How to Floss Your Teeth
To help prevent tooth decay and gum disease, it is also important to remove plaque and food particles from between the teeth and under the gumline on a daily basis. By taking a few minutes to gently floss the teeth once a day, children and adults can reduce their risk of dental disease.
At a routine checkup visit, the dentist or dental hygienist will demonstrate the proper technique for flossing between the teeth. There are a number of varieties of dental floss and all can effectively remove plaque and food from between the teeth. According to a study published in the Journal of Periodontology, the type of dental floss selected is often a matter of personal choice. However, in certain circumstances one kind of dental floss may be preferable over another. In cases where the teeth are crowded, a waxed dental floss may work best. However, if there are spaces between the teeth, dental tape or super floss may be more comfortable and effective. Some people prefer disposable flossers with a plastic handle and a section of attached dental floss, while others use floss threaders or electric flossers to clean between the teeth.
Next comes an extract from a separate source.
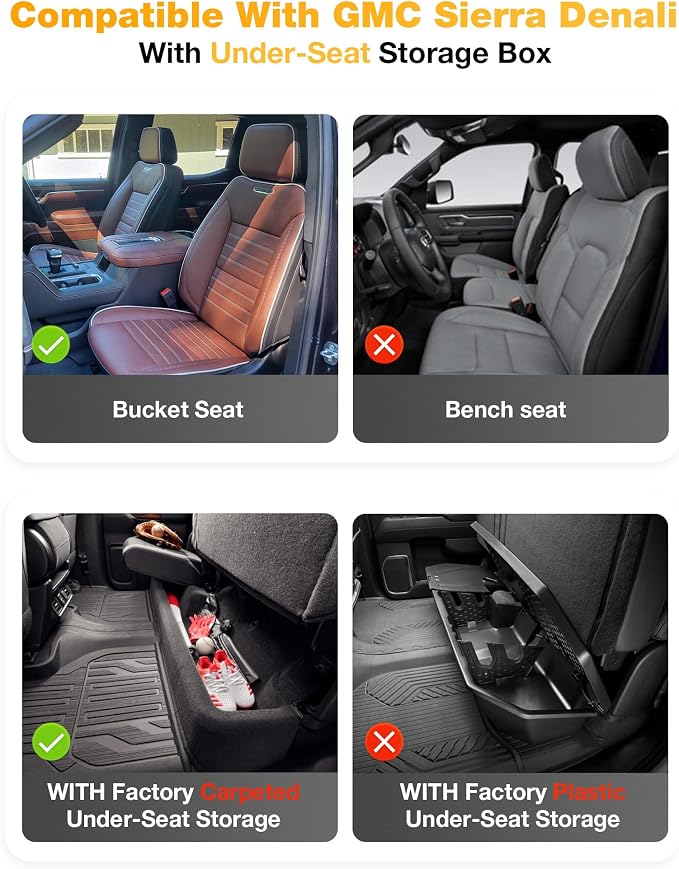 3W Floor Mats & Front Carpet for 2019-2026 Chevy Silverado/GMC Sierra 1500 | 2020-2026 GMC Sierra 2500HD/3500HD Crew Cab, TPE All Weather Accessories 2 Rows Full Set Car Mats - Image 3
The Proper Technique For Flossing Your Teeth
Whatever type dental floss is selected, proper technique is important to effectively remove plaque and food particles without injuring the delicate tissues around the teeth.
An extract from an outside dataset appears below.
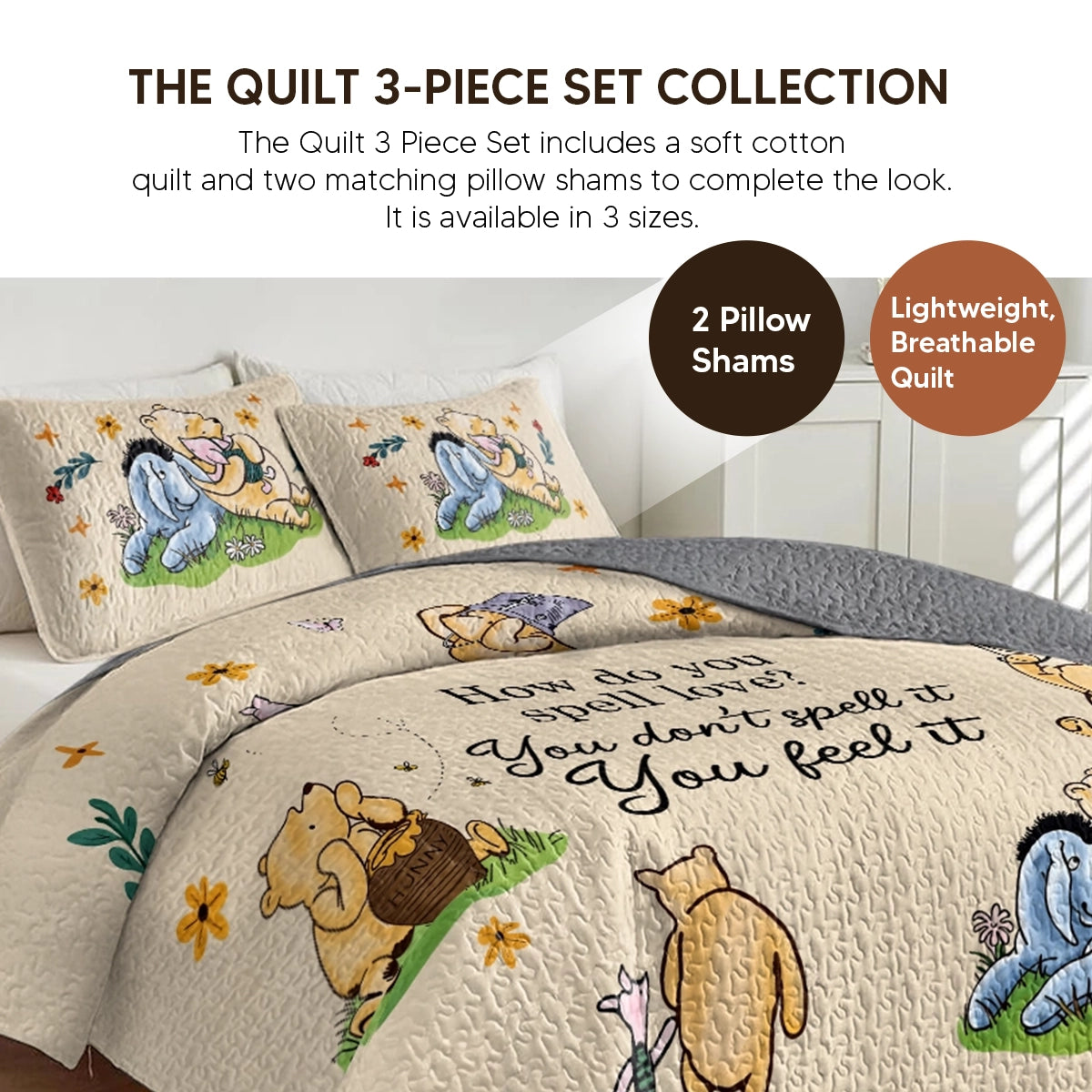 Pajabear Quilt 3-Piece Set Pooh The Love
For floss that is taken off a roll or from a dispenser, a good length to use is about 18 inches.
- Wind the floss around the index fingers of each hand until a few inches of floss remains between them.
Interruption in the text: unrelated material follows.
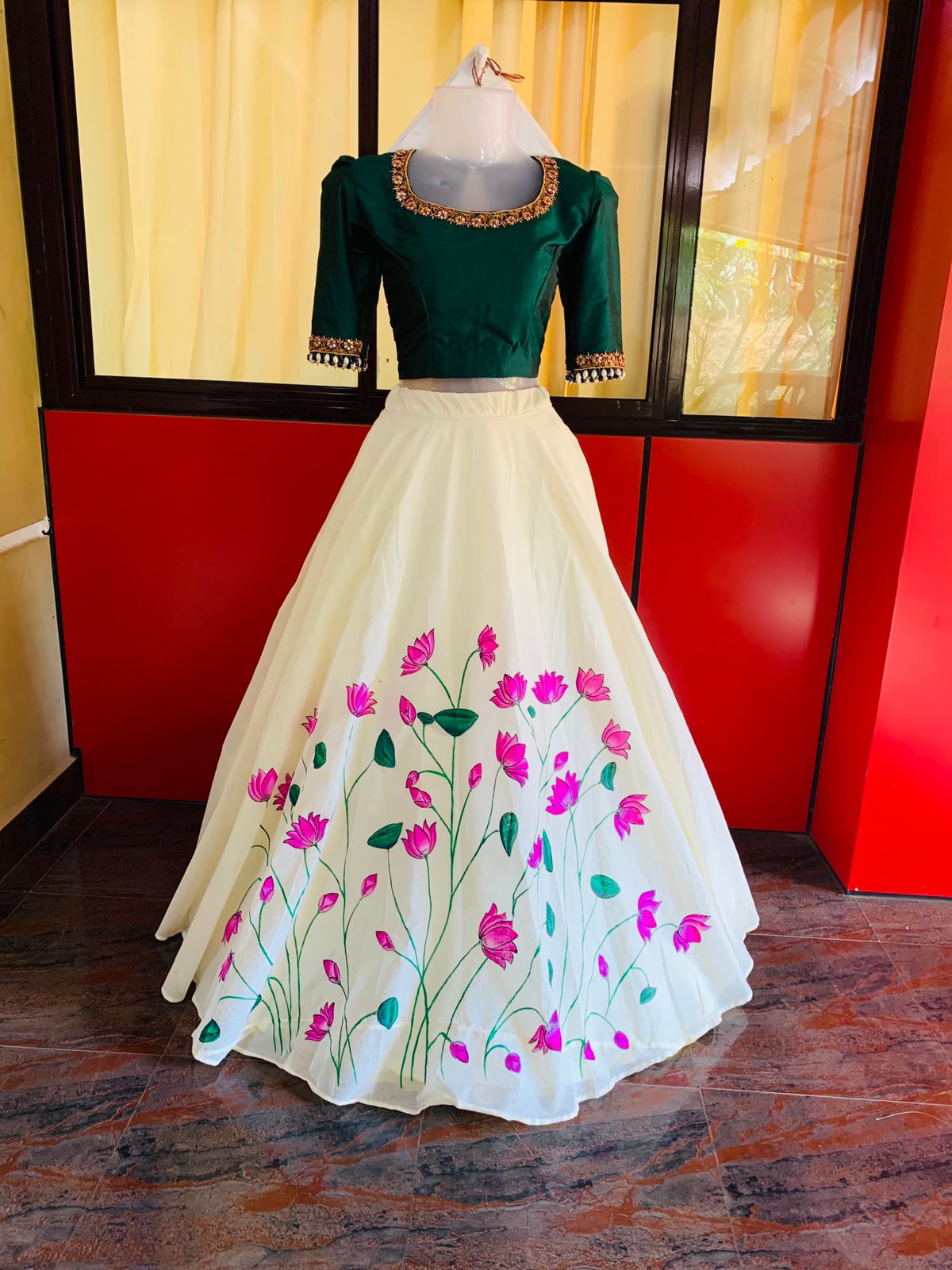 Big Pink Lotus with leaves hand painting kerala style kasavu pavada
- Holding the floss between the index finger and thumb, glide it gently between the teeth and down to the gumline. Hugging the side of one tooth in a “C” shape, slowly move the floss up and down along the base of the tooth to remove any trapped plaque and food particles.
- Do the same to the adjacent side of the next tooth and continue around the mouth until all of the teeth as well as the space behind the last tooth are all flossed.
- Release clean floss from one hand, while winding the used floss around the index finger of the other hand.